I've got a mySQL server ready to roll, let's first spec out what the cddb
replacement needs bare minimum, then work on the extras...

August

-----Original Message-----
From: Schuetz, David <David_Schuetz nospam at tds.com>
To: 'cdin nospam at cdin.org' <cdin nospam at cdin.org>
Cc: 'cdindex nospam at freeamp.org' <cdindex nospam at freeamp.org>;
'freecddb-developer nospam at bigred.lcs.mit.edu'
<freecddb-developer nospam at bigred.lcs.mit.edu>
Date: Wednesday, March 10, 1999 1:50 PM
Subject: [DB] Summary of Current Suggestions

Okay, here's my first summary of DB-related postings. Lots of ideas
floating around there. I'll follow-up shortly with a more formal posting
that could/should lead to proposals/specs.

[in no particular order:]

** Ragnar Kjørstad sugested that the DB resolve down to song titles, for
same-song on diff-cd support. Martin Nilsson suggests something similar,
even suggesting we use the ISRC encoded on some CDs for song identification.
I'm afraid that some/many/most CDs won't have reliable ISRC information, or
that not all players could get to it, so that'd be out. I'm really afraid
that this kind of relational approach, while really cool and great if you're
doing an "Internet Movie Database" approach to CDs, wouldn't be practical
when you've got fairly dumb, non-interactive clients shoving new data at a
server.

** don't store hashed IDs -- just store raw ToC data, let internal DB
implementations decide on a hash for internal speed, and store those in a
separate table. If necessary. This frees clients from any one hashing
algorithm.

** Eddy Gurney points out that ome kind of support to consumer jukeboxes,
that may only return MM:SS info (w/out frame info) for ToC data, would be
good. (Maybe the server can do fuzzy matches for them, but use frame and/or
leadout for systems that can to reduce collisions.)

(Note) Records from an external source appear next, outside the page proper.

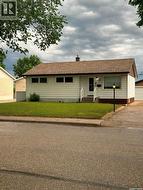 112 McDonald ROAD  Estevan, SK S4A 0B8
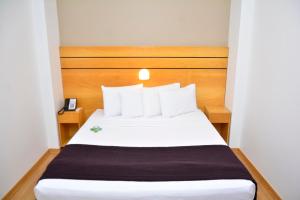 Cama ou camas em um quarto em San Diego Suítes Lourdes - OFICIAL
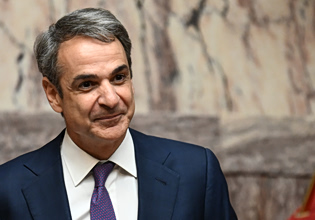 Μητσοτάκης για 21η Απριλίου: Στη σκοτεινή επέτειο αντιτάσσουμε τον αισιόδοξο ορίζοντα μιας καλύτερης ζωής για όλου.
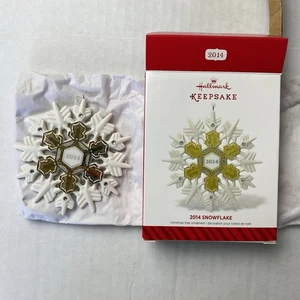 Hallmark Porcelain Snowflake Keepsake Christmas Ornament 2014 - Picture 1 of 2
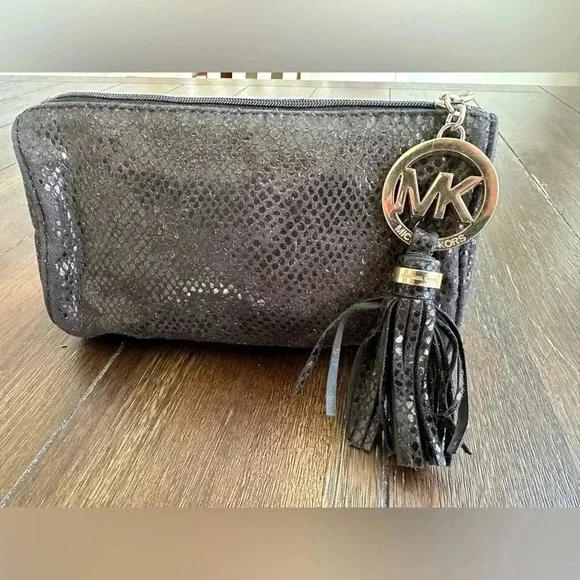 Michael Kors handbag/clutch - Picture 10 of 12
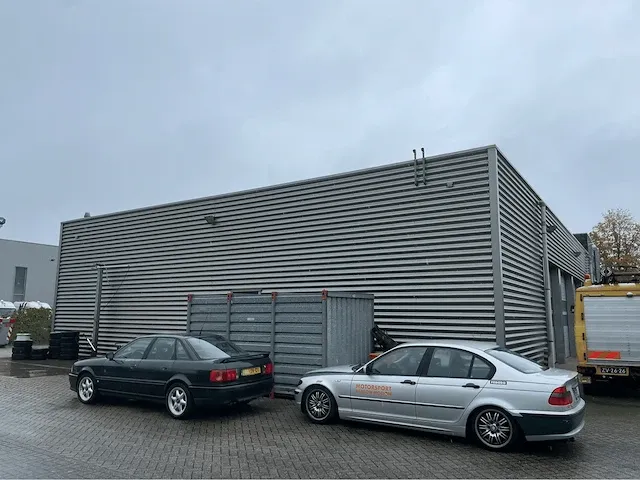 2008 showroom met werkplaats - afbeelding 53 van  100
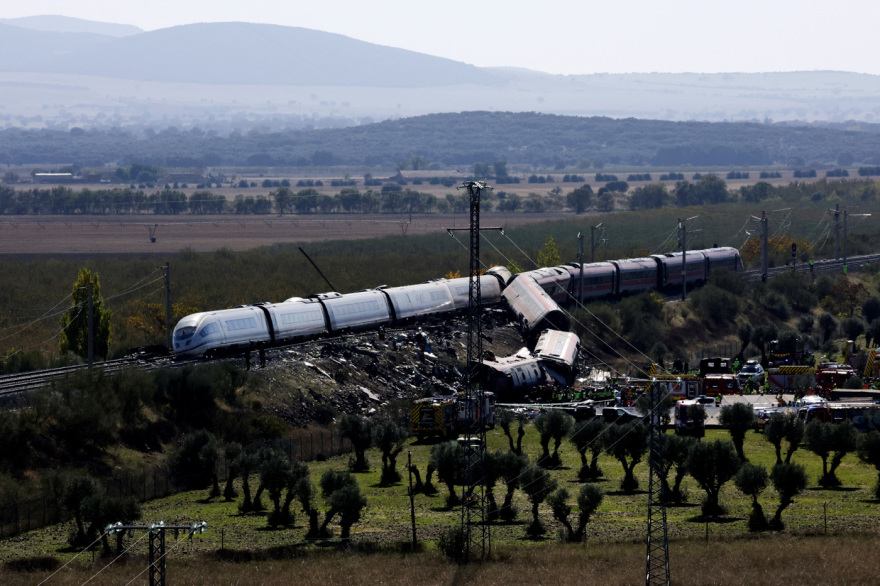 Καταρρέει το εκλογικό σχέδιο του Σάντσεθ μετά τη σιδηροδρομική τραγωδία στην Ισπανία - Από την αισιοδοξία, στο εθνικό πένθος και τις φωνές για τον υπουργό Μεταφορών
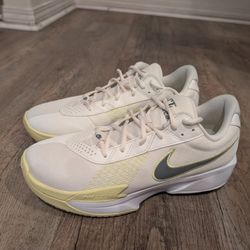 Nike GT Cut Basketball Shoes Size 10.5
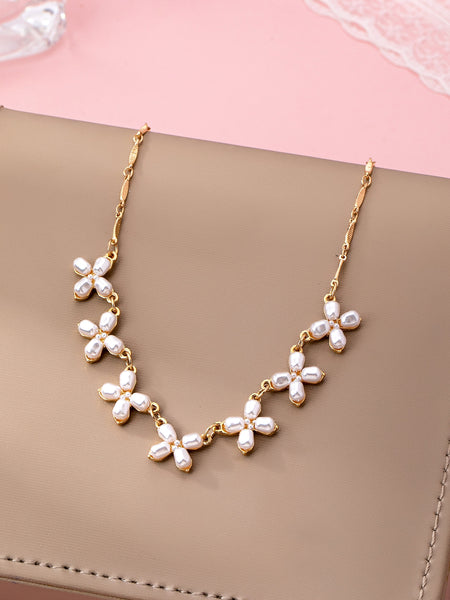 Charm Necklace-Delicate Pearl Flower | 80N92821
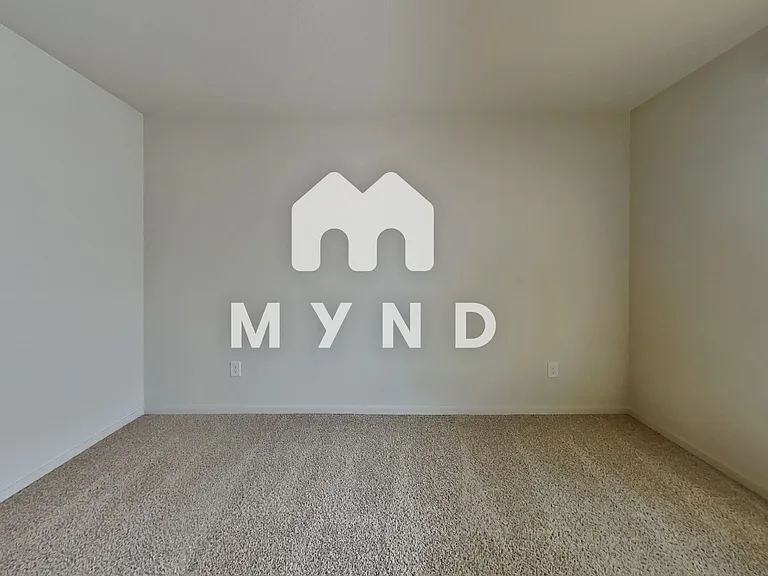 2138 NE Four Seasons Ln — Photo 5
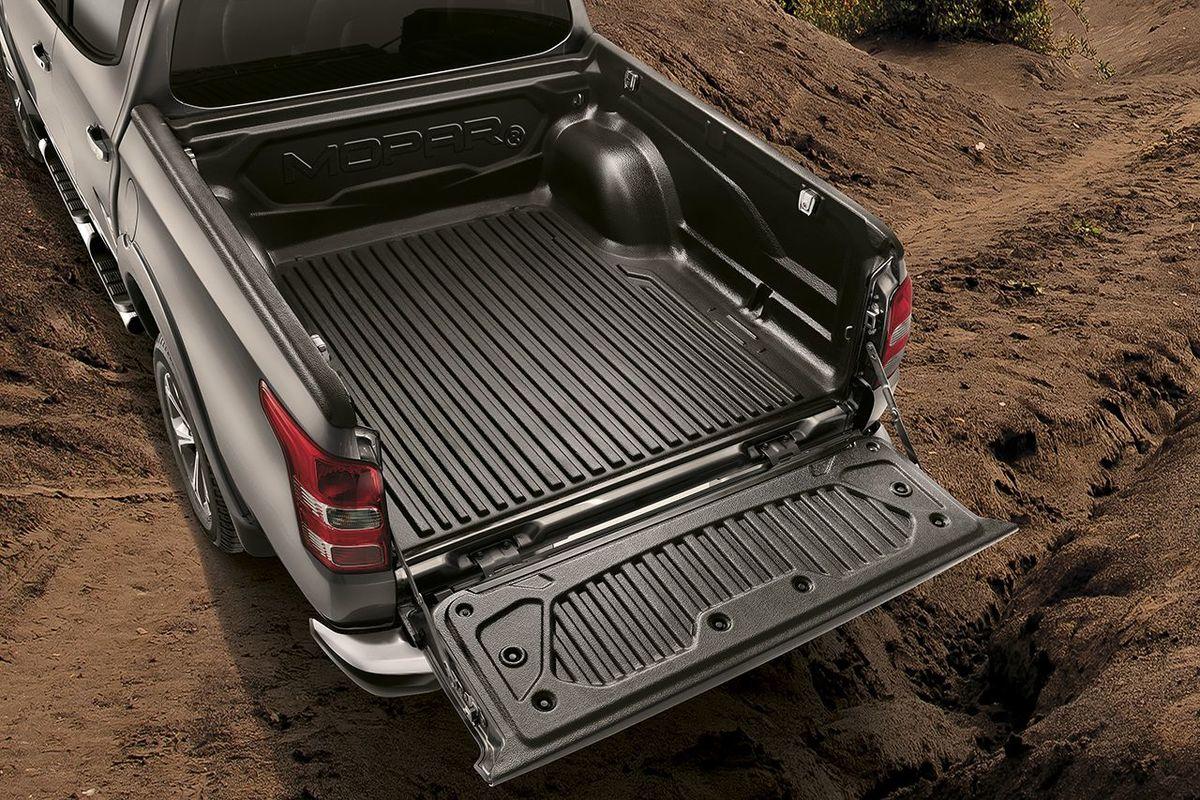 160920_mopar_fullback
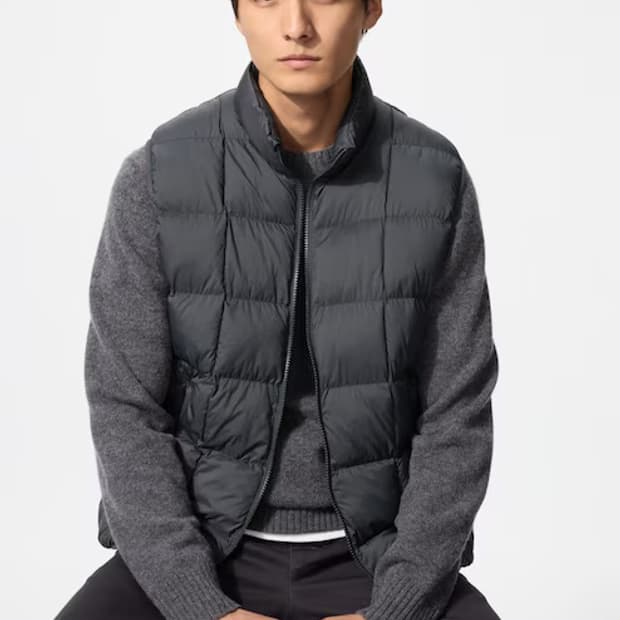 유니클로 퍼프테크 베스트 다크그레이 4xl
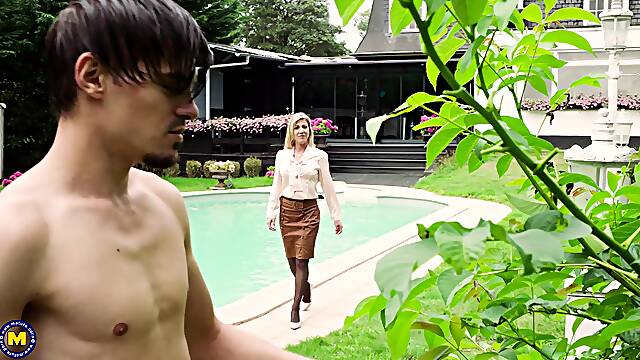 Busty nude wife fucks the pool boy and lets him come inside her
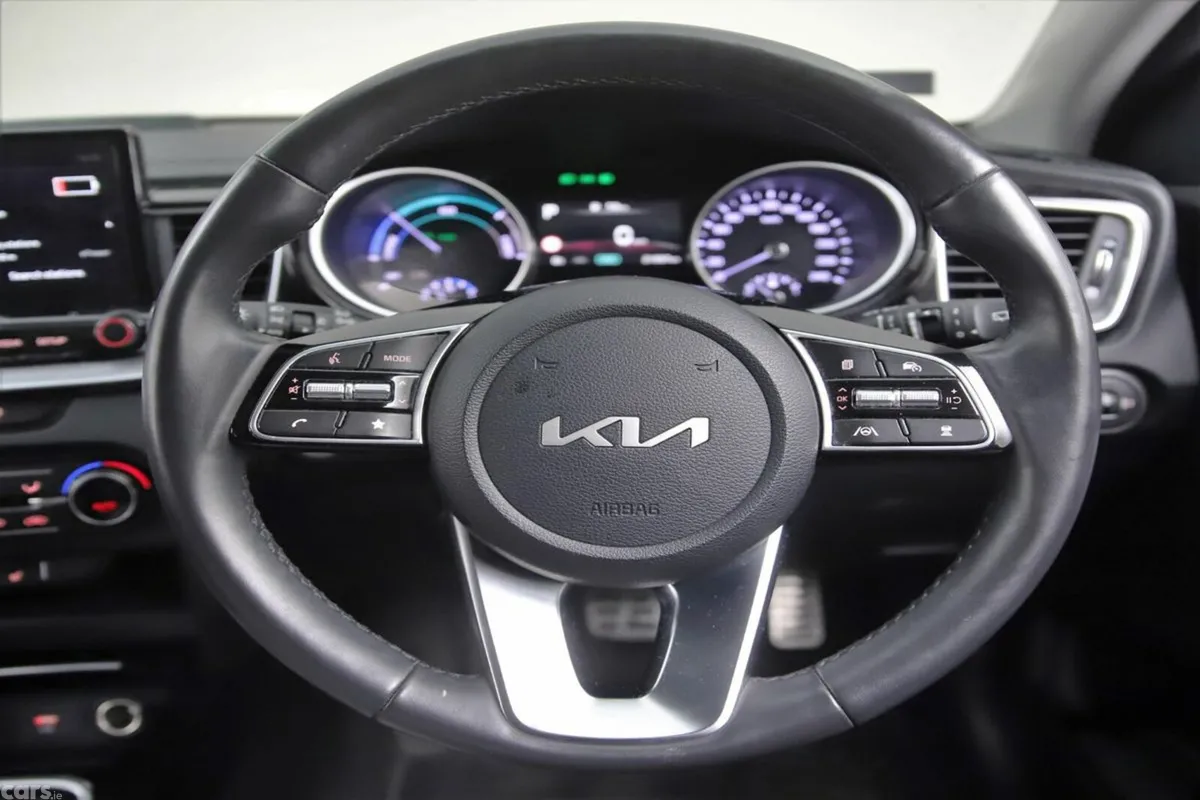 Kia XCeed Hatchback, Petrol Plug-in Hybrid, 2024, Grey
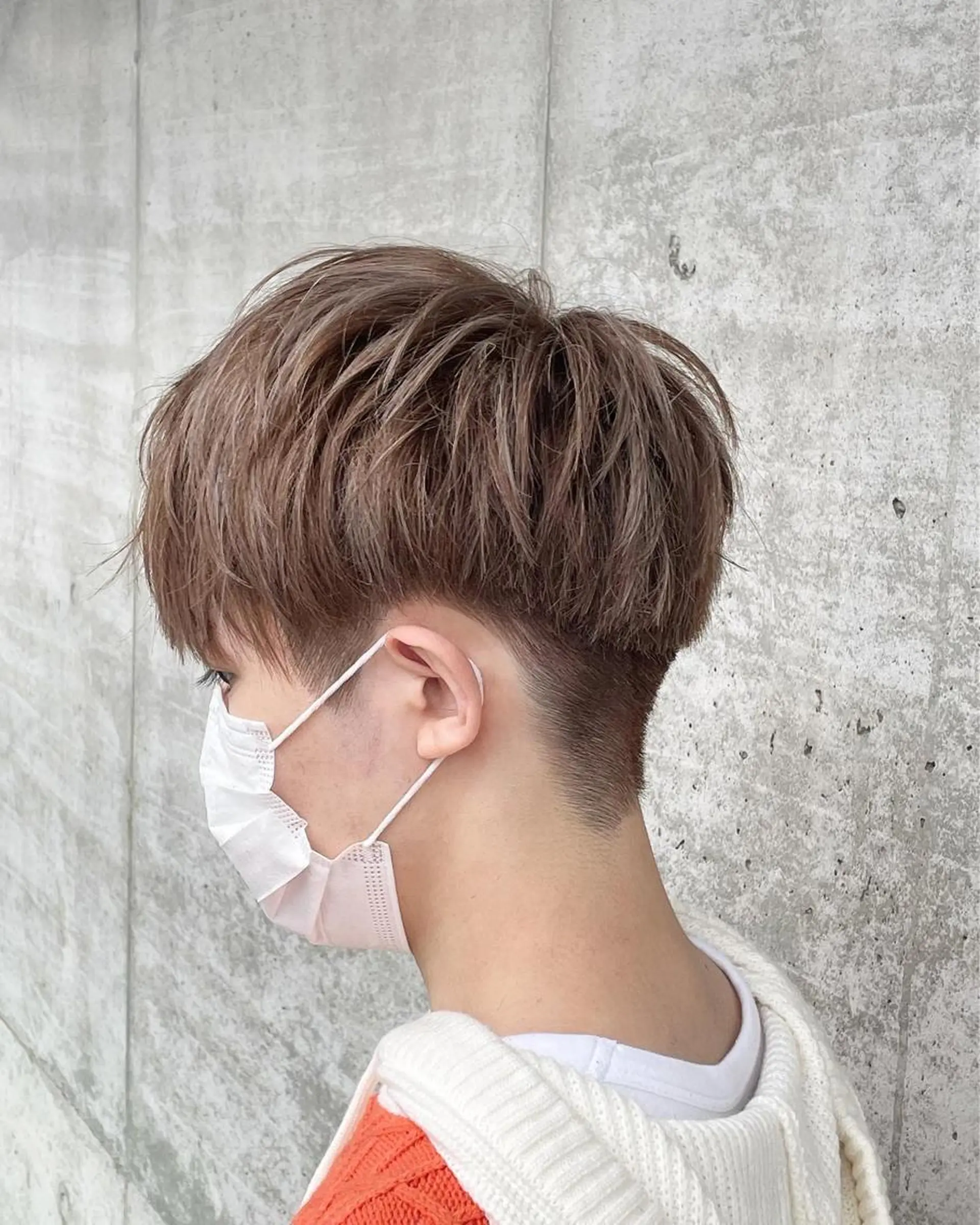 カラー メンズ メンズメッシュ ベージュカラー メッシュ ミルクティーベージュ arika オケシ　リョウダイのヘアスタイル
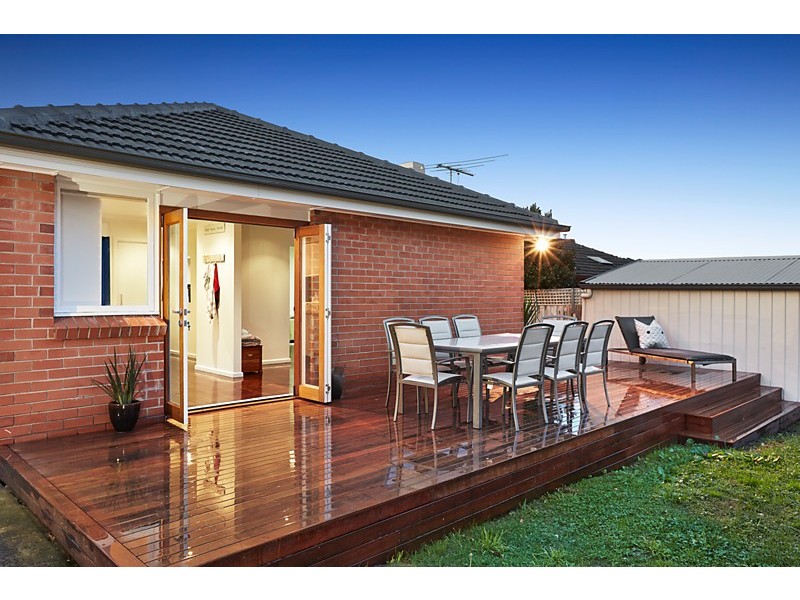 31 Morrie Crescent, Blackburn North VIC 3130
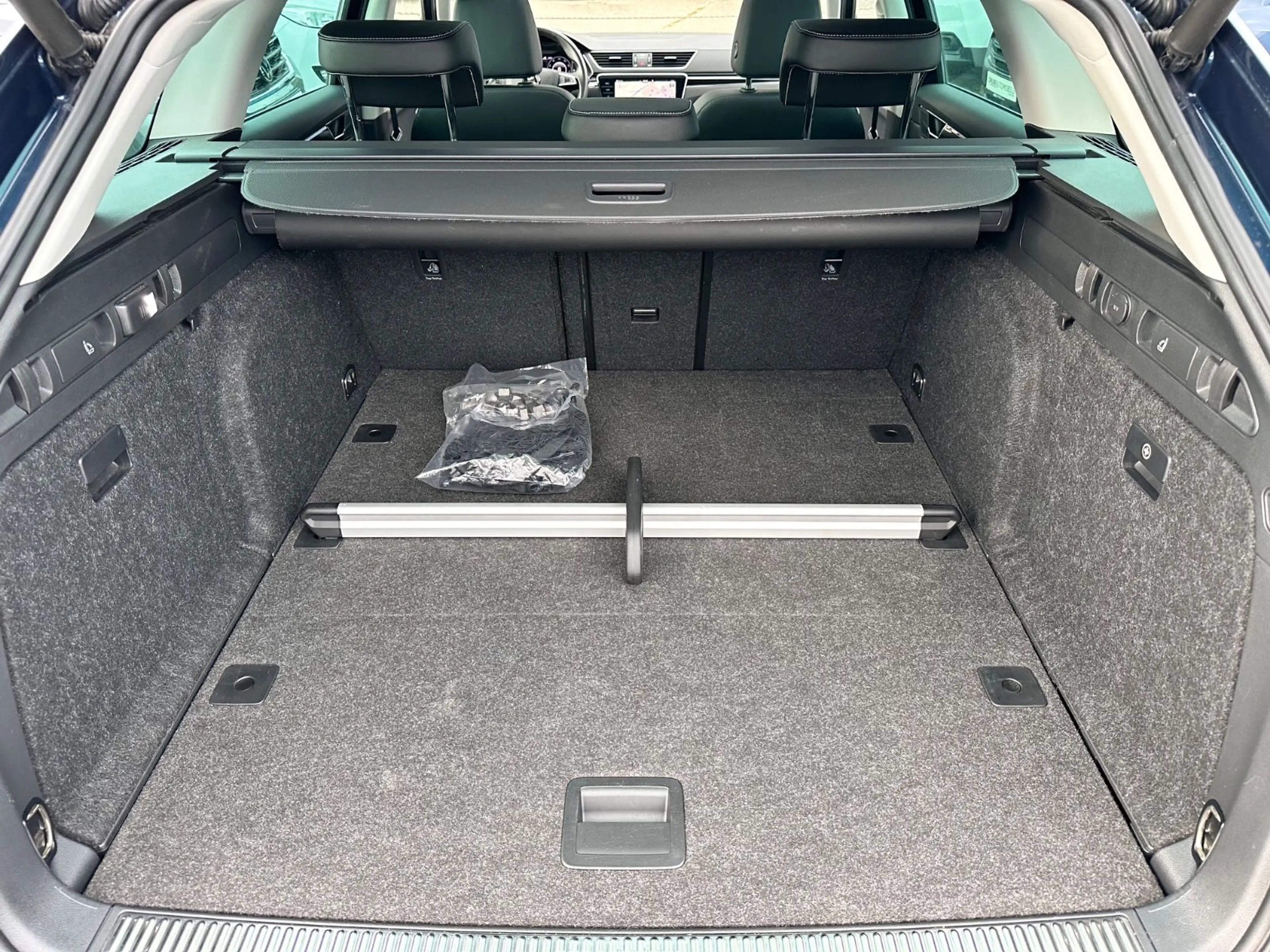 Skoda Superb Combi L&K 4x4 Navi Pano Leder SHZ v+h — photo 39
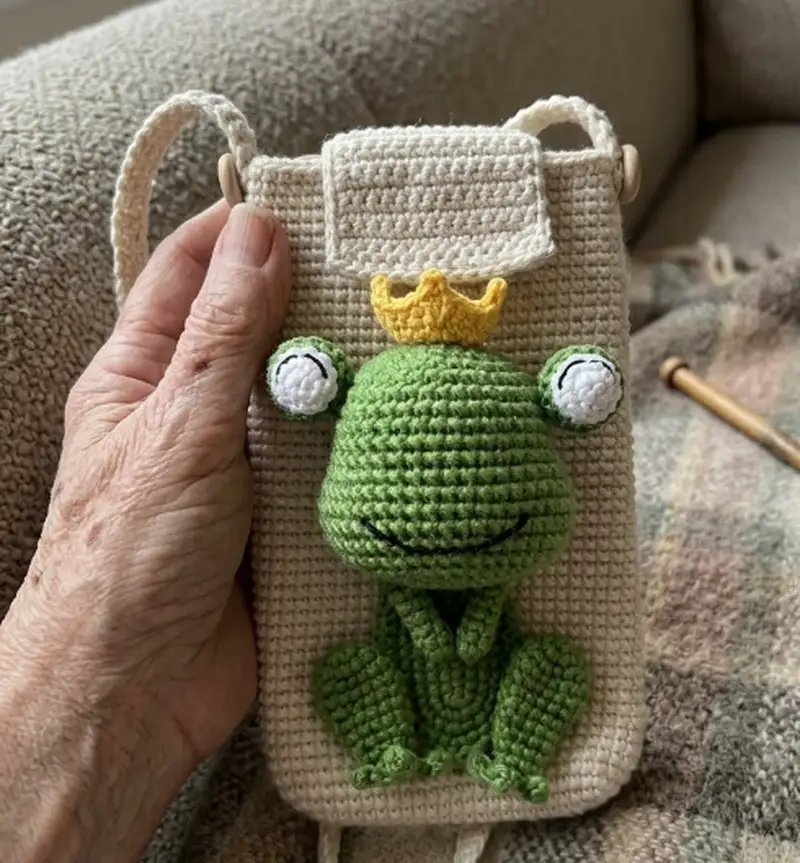 Complimentary Intermediate crochet pattern: Frog Phone Pouch Amigurumi Pattern - Simple to follow guide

** Seems to me that we might also have user-defined abbrevs for songs,
artists to better support devices with limited display capabilities (ABITW2,
etc.)

** XML stuff might help us with sending specific datums back to the client
that might not be used everywhere. Or a "property,value" ordered pair sort
of delivery and storage might be in order. XML might make a good local
storage format...

** Larry Kain proposed a cool-named abstraction called "MuRuPu." Should we
dig into something really abstract, or stick closer to a representation of
physical media? Could have good uses when trying to do things like
classical music CDs, with multiple performances of basically the same
material.

** Extended character sets? Should at least leave that open. Seems that
UTF-8 has been suggested as a standard (I don't know enough about this to
comment).

** Multiple languages? Definitely, at least to support multiple title names
(some classical CDs have track titles in English and, say, French and
German)

** Genres -- Mike Bremford suggested three alternatives: CDDB's current
list, MP3 ID3 list, and "main entry with user entered keywords." I think we
could start with the main CDDB categories, then create subs, perhaps.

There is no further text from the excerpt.